After mutation, the change in the epitopes mentioned above may lead to a situation where the previous vaccine-induced antibody’s binding to their adjacent epitopes increases their binding affinity to ACE2. As Liu et al. reported, several antibodies bind to parts of the SARS-CoV-2 N-terminal domain (NTD), increasing its binding to the ACE2 receptor [21]. This is an FcR-independent antibody-dependent enhancement (ADE) of the infection induced by the previous SARS-CoV-2 variants. Other evidence indicates that individuals vaccinated with antigens against Wuhan-Hu-1 and then infected with the Alpha or Delta variants have a relatively decreased response to variant-specific epitopes compared to unvaccinated individuals who become naturally infected [22]. Unvaccinated individuals were found to have immunity against SARS-CoV-2 only if they had a prior infection. Unvaccinated individuals who were naturally infected had an 85% lower risk of contracting COVID-19 than those who were not naturally infected [23]. This was seen in both mild and severe disease cases. This could be due to the Fc-independent ADE, as there is no evidence that previous memory B lymphocytes prevent the stimulation of B lymphocytes specific to new epitopes [22,24]. Although these Fc-dependent and -independent ADE antibodies were produced through the previous virus variants’ stimulation (i.e., very few vaccine platforms or natural infection), the leading cause of this problem was the mutation of the virus. So, the mutated antigen is the culprit, not the original antigen (Figure 1D).

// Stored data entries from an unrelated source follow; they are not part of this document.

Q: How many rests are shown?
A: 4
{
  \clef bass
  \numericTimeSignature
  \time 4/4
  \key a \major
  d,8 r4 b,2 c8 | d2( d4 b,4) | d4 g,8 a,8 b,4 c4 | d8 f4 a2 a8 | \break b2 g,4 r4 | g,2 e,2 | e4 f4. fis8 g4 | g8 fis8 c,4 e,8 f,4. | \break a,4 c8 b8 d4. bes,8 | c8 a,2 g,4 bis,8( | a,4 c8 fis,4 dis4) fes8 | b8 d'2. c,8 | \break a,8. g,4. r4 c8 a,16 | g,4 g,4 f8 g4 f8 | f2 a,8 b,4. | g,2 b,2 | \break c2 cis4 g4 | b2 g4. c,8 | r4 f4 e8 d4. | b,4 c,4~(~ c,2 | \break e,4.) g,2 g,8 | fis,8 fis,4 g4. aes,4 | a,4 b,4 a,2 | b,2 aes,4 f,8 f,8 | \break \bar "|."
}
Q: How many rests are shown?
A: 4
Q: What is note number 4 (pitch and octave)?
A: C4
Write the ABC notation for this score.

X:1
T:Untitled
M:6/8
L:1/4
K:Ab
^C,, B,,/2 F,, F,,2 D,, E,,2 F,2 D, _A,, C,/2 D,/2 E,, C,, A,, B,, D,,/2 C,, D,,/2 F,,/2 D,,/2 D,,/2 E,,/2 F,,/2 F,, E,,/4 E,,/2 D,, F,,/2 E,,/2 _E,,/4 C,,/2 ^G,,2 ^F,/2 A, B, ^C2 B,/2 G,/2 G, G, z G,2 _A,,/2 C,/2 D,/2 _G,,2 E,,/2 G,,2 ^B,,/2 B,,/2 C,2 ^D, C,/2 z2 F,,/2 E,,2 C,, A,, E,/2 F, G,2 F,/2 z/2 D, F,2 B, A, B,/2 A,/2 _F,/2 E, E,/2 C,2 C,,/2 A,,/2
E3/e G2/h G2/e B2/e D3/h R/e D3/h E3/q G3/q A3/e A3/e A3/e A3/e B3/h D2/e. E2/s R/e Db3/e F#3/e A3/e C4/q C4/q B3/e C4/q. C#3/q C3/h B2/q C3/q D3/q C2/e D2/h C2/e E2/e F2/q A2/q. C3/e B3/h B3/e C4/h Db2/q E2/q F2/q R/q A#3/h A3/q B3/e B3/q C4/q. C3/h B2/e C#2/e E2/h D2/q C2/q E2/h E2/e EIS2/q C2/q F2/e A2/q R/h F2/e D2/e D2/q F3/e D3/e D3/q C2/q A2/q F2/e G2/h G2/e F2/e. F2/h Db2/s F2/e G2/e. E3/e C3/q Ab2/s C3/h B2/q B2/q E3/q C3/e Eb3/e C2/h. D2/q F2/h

Mattiuzzi and Lippi [25] conducted a review of the analyses of COVID-19 vaccine efficacy in older persons who received the second booster compared to unvaccinated people and those who received only a single COVID-19 vaccine booster. The second vaccine booster maintained high effectiveness against adverse COVID-19 outcomes such as hospitalization, intensive care unit admission, and death (i.e., between 77 and 86%) and also showed an efficacy around 10% higher than the single booster. The efficacy of the second vaccine booster declined over time, decreasing by 33–46% when assessed at >120 days from administration. The results of these ad interim analyses of the ongoing Italian nationwide COVID-19 vaccination campaign suggested that regular boosting with COVID-19 vaccines may be advisable for older persons [25].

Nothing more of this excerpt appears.